The highlights of the quarter being – capacity utilisation of company for the quarter three of FY 2018-19 has come down to 35% due to the ban on import of raw petroleum coke. This under utilisation of capacity has resulted in the loss of Rs 7.54 cr during 3rd quarter of 2018-19. The company has registered a turnover of Rs 95.99 cr during the said quarter.
After the Supreme Court lifted the import ban, the company has started procuring the raw petroleum coke (RPC). The prices for the RPC are in upward trajectory. Selling of aluminum has come down resulting in pressure on the selling prices of the calcined petroleum coke (CPC).
The company has received new orders of approximately 70,000 MT of CPC and the efforts are being made to source the RPC from different sources at competitive price which can also facilitate appropriate blends to absorb the pressure on the selling price of CPC.
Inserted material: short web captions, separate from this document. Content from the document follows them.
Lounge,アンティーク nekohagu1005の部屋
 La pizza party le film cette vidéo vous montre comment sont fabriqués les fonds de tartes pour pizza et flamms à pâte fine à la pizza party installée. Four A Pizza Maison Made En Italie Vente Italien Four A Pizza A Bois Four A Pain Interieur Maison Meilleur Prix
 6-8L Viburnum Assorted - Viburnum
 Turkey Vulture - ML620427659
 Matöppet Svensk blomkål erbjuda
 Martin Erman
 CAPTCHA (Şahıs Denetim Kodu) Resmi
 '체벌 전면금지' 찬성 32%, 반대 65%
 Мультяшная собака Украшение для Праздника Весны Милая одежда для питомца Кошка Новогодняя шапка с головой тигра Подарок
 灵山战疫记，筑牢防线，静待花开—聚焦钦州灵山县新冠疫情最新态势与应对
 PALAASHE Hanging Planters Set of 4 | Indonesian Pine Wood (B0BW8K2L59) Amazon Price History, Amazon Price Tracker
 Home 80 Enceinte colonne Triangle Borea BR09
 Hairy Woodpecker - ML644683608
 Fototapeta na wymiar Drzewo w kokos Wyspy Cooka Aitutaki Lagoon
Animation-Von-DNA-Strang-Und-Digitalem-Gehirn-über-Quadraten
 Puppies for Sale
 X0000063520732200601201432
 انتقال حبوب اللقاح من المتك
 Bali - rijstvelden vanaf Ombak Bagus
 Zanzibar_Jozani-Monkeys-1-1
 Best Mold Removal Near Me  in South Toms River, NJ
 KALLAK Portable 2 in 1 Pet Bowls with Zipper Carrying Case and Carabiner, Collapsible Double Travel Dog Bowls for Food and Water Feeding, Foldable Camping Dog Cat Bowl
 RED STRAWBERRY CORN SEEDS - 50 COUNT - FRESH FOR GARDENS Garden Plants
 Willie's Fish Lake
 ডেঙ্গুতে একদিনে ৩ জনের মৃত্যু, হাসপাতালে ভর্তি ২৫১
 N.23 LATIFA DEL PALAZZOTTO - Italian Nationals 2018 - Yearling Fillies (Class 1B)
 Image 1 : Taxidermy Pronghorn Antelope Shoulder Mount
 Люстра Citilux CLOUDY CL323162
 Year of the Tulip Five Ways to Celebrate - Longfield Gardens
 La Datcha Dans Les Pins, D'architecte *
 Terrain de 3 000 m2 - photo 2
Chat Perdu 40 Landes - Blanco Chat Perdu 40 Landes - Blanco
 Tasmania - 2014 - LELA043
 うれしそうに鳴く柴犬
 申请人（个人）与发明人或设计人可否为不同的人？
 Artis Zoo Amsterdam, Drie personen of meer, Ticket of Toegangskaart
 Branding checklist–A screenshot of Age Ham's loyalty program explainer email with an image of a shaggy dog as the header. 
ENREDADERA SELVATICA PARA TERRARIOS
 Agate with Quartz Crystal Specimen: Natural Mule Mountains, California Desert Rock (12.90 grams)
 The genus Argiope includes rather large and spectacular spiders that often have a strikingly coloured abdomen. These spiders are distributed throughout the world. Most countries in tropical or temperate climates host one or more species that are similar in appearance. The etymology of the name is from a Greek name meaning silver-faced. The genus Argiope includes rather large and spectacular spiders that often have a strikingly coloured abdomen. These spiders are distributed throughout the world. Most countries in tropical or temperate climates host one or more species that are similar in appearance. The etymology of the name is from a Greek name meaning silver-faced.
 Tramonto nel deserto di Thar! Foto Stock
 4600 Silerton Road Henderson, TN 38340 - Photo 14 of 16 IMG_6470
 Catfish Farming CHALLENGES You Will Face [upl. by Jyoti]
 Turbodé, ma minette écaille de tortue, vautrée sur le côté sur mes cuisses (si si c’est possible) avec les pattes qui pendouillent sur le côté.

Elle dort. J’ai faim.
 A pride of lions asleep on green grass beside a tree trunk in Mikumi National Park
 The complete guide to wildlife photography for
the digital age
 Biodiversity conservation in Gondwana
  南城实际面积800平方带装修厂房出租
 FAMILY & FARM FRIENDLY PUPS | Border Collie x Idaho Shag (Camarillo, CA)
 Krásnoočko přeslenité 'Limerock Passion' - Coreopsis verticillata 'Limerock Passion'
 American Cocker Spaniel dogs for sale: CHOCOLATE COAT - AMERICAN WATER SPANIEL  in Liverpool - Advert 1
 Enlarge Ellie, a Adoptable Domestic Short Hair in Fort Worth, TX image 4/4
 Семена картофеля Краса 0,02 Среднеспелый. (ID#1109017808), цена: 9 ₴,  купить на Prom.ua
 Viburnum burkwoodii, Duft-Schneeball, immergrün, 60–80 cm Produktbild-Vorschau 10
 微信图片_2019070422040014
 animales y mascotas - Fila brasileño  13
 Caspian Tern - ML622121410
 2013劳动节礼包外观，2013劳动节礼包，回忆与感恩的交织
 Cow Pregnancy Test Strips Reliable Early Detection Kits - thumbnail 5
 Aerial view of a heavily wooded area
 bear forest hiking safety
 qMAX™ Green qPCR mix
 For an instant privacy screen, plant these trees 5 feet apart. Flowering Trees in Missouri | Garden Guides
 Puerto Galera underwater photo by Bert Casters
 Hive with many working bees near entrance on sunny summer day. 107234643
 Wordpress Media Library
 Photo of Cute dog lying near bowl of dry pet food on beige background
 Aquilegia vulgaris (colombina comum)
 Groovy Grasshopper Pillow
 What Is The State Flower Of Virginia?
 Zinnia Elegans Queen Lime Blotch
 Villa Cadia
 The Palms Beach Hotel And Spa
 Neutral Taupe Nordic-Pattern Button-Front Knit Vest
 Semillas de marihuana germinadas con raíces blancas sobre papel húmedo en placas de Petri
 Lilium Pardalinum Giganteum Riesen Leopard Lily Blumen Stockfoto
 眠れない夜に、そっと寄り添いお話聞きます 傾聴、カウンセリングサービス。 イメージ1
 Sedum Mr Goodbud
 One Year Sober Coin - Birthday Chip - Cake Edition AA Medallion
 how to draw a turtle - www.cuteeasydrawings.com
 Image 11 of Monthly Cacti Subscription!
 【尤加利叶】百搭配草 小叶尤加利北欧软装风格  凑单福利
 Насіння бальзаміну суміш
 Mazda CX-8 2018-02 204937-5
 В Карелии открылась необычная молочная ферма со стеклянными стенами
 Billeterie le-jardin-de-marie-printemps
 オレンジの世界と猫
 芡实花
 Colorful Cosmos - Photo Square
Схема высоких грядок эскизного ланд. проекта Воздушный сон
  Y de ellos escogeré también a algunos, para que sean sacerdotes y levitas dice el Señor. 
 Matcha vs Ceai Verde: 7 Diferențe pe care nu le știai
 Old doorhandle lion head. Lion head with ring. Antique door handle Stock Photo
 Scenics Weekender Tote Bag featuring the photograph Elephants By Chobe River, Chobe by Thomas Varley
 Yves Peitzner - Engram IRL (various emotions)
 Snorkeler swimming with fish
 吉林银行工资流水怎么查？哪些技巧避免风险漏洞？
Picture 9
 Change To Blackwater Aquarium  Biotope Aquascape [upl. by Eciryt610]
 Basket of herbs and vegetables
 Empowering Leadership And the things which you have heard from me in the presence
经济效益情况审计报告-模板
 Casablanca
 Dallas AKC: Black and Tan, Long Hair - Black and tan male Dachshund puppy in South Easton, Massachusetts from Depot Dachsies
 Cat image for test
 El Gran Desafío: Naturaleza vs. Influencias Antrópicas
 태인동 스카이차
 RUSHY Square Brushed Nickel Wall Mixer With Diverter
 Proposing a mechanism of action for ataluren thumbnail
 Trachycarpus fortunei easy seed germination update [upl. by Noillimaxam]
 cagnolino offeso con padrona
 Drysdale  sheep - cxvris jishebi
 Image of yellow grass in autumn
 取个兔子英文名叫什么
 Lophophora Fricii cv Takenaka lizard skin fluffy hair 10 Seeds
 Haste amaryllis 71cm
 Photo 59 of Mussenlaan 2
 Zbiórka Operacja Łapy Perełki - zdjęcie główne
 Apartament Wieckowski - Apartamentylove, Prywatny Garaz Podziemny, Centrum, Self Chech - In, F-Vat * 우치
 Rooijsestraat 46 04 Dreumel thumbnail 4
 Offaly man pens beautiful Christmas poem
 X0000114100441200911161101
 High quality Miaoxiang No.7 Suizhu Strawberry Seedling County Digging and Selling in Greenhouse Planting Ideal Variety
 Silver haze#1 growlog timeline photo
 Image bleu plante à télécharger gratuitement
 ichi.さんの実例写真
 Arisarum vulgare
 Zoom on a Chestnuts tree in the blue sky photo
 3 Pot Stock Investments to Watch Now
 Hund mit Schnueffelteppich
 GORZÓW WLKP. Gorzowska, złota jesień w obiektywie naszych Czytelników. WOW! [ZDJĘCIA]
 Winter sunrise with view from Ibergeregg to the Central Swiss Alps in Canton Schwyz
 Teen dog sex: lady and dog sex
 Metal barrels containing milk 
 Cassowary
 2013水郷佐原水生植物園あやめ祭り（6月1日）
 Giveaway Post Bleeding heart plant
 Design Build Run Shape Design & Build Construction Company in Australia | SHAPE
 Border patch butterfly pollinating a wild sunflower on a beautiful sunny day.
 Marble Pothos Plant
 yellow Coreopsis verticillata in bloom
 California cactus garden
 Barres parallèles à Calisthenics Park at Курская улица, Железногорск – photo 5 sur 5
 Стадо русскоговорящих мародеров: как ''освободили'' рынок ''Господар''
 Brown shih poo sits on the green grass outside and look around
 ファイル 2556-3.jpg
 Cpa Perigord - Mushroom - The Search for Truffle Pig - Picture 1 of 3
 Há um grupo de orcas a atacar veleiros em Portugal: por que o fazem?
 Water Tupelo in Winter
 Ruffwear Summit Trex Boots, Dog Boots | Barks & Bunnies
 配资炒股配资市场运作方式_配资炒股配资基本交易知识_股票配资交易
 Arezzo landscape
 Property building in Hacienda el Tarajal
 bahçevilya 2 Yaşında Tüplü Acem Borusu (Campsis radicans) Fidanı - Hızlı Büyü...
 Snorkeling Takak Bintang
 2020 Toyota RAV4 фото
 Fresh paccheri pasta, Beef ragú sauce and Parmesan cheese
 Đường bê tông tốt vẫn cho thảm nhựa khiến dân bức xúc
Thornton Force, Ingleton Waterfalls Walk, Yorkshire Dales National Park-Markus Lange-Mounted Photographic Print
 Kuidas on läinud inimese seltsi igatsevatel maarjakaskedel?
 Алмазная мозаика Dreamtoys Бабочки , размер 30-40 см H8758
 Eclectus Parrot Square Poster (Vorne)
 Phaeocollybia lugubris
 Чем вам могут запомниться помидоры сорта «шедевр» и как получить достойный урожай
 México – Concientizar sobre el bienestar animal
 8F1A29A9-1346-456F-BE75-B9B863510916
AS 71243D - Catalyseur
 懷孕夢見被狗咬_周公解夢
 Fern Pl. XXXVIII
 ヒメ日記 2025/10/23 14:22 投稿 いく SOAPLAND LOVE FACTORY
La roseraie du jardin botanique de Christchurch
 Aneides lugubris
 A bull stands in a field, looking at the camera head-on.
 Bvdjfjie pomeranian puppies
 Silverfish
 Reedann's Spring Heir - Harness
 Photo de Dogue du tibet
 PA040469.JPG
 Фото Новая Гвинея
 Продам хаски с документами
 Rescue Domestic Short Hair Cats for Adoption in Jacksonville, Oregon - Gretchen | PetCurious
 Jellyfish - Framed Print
Shrinivas Dempo, chairman, GCL, said, “This was a challenging quarter for us due to the ban imposed by the Supreme Court on the import of pet coke which got lifted in October 2018 followed by further regulatory delays in commencing the production.”
The company is planning to sell 50,000 MT of CPC during fourth quarter of FY 2018-19 and aiming for the capacity utilisation of 96% during the said quarter, he added.
Overall, the management is aiming for a turnover of Rs 500 cr for this FY and the year profitability depends upon the exchange rate and the material price which the management is negotiating with the vendors, said Dempo.